The IRS decision, which effectively blocks DOGE’s unrestricted access to sensitive taxpayer records, marks one of the first documented instances of government resistance to the agency’s growing influence. However, it remains unclear how much oversight other agencies are implementing, and cybersecurity watchdogs are warning that the risks extend beyond just financial data.
Lawmakers and Watchdog Groups Demand Accountability
With internal agency resistance building, lawmakers and independent watchdog organizations are calling for immediate oversight measures to review DOGE’s hiring practices and security protocols. Several congressional committees are reportedly considering an investigation into how DOGE recruits personnel and whether its hiring choices violate standard federal security protocols.
- The House Science, Space, and Technology Committee has raised concerns about DOGE’s involvement with NASA and potential conflicts of interest.
- The Senate Select Committee on Intelligence, led by Vice Chairman Mark R. Warner and other members, is investigating the risks to national security posed by unvetted DOGE staff accessing classified and sensitive government materials.
- The Senate Homeland Security and Governmental Affairs Committee, led by Ranking Member Gary Peters and colleagues, is calling for an immediate pause on DOGE activities in federal agencies due to potential violations of ethics, national security, and privacy laws.
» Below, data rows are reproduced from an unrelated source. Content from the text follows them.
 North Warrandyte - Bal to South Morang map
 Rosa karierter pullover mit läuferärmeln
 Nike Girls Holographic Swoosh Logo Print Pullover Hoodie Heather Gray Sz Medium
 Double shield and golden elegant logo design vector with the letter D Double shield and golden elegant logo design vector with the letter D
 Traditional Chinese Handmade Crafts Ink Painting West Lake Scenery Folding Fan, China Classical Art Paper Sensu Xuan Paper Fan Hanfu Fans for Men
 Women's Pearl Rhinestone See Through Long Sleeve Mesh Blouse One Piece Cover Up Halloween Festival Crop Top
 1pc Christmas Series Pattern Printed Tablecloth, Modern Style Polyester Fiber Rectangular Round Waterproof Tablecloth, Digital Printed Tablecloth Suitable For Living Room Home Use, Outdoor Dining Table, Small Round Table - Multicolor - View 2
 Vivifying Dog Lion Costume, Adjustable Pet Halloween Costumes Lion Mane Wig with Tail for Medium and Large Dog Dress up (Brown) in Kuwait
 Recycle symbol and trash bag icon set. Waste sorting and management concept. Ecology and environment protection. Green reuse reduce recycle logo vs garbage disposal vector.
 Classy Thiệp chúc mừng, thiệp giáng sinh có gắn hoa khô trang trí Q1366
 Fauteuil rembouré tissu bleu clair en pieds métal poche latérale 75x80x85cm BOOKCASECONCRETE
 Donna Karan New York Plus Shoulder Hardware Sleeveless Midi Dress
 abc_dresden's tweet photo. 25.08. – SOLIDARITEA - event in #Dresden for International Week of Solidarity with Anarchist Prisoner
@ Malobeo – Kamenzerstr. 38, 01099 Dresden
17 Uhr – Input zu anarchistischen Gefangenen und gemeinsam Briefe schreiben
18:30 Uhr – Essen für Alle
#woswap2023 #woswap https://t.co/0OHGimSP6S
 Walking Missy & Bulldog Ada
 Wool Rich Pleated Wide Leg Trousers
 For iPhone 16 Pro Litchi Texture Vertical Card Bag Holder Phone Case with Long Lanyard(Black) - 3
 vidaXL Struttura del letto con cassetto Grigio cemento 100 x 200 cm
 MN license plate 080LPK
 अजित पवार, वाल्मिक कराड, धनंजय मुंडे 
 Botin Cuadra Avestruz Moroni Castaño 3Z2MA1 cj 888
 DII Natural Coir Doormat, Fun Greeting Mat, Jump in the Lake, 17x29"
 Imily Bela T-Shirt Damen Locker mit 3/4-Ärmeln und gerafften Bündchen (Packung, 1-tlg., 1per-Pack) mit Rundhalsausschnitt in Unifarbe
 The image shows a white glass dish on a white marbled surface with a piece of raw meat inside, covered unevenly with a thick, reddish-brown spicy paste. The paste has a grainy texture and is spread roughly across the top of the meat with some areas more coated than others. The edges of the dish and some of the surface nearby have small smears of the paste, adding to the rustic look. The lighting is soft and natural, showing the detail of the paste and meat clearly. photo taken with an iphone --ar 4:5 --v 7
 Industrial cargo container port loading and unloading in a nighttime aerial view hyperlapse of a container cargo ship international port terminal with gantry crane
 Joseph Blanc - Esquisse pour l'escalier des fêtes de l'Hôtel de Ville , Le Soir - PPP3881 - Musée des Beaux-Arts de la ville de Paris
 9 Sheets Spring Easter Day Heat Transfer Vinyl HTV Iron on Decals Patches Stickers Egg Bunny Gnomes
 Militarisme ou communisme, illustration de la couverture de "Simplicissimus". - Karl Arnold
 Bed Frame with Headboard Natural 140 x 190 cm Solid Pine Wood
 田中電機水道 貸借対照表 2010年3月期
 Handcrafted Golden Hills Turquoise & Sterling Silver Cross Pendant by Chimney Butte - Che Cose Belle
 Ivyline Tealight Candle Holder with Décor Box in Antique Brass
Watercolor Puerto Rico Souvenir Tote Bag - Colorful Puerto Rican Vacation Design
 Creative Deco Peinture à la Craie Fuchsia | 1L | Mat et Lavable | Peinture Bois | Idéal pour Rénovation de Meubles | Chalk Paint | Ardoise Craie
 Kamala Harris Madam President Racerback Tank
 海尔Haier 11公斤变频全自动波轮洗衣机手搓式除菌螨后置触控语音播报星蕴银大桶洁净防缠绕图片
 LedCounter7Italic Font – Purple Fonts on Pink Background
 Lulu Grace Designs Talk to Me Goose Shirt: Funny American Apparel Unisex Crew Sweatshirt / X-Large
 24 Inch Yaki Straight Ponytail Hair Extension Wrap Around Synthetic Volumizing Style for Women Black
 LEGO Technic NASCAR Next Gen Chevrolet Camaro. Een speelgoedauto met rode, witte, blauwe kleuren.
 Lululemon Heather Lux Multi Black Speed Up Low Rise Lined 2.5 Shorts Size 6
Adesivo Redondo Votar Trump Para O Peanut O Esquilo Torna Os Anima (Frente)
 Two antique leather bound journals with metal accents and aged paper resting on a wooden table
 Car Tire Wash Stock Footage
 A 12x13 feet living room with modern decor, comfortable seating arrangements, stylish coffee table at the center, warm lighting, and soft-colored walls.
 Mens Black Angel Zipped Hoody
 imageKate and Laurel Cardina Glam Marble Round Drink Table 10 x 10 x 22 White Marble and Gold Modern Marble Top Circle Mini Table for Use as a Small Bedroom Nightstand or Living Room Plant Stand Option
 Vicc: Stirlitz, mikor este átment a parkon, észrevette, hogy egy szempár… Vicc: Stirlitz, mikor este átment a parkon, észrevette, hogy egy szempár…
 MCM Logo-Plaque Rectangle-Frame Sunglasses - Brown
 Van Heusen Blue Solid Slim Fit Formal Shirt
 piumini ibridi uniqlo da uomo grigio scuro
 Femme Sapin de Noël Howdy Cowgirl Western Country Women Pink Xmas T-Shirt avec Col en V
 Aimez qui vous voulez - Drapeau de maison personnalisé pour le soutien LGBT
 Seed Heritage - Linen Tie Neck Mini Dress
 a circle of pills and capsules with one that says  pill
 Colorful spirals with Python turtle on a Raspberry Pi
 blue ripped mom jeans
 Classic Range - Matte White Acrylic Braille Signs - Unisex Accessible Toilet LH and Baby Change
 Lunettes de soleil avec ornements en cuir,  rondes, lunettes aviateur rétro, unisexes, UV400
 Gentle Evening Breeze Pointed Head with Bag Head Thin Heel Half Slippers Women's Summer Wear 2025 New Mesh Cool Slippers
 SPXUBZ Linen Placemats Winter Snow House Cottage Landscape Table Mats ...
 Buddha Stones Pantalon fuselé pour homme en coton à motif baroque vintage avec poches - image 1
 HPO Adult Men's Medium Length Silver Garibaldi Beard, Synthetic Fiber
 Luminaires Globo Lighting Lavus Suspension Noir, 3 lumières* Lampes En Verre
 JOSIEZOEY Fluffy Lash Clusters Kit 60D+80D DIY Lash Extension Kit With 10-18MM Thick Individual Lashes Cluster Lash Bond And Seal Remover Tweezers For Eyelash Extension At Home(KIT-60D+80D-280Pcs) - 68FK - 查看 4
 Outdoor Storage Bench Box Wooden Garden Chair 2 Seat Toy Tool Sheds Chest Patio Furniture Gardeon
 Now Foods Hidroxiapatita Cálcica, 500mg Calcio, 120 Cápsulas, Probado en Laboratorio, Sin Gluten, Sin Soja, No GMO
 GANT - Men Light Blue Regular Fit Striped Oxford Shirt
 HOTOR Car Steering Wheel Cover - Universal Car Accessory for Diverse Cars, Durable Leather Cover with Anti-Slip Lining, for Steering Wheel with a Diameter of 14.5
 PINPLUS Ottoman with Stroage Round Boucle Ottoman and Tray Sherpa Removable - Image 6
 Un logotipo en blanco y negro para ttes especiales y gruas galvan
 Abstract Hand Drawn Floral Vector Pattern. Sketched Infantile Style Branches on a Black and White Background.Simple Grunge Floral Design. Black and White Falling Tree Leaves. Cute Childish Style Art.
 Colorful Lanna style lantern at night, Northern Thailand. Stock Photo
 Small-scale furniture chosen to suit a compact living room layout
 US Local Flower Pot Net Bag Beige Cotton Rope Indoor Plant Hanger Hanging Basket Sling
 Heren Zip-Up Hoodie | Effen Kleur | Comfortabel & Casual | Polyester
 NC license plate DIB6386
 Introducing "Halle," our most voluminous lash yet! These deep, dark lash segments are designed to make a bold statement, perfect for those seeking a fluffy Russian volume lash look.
- The House Oversight Subcommittee on Delivering on Government Efficiency held a hearing focused on DOGE’s activities and Elon Musk’s involvement in the executive branch.
Multiple cybersecurity-focused policy groups like The Stanford Center for Internet and Society and The Center for Democracy & Technology have also released statements urging Congress to impose stricter oversight on DOGE, with some even advocating for a temporary suspension of its expanded authority until full security reviews can be conducted.
As pushback against DOGE intensifies, the agency’s ability to maintain its unchecked influence may face growing resistance. With CISA’s power diminished and watchdog groups ramping up scrutiny, the focus will likely shift to whether legislative action can impose proper oversight before security vulnerabilities turn into real-world crises.
The controversy surrounding DOGE’s hiring and its role in cybersecurity governance is far from over. While federal agencies like the IRS have started imposing limits, larger questions remain about how far DOGE’s unchecked authority extends—and whether it will be reined in before lasting damage is done.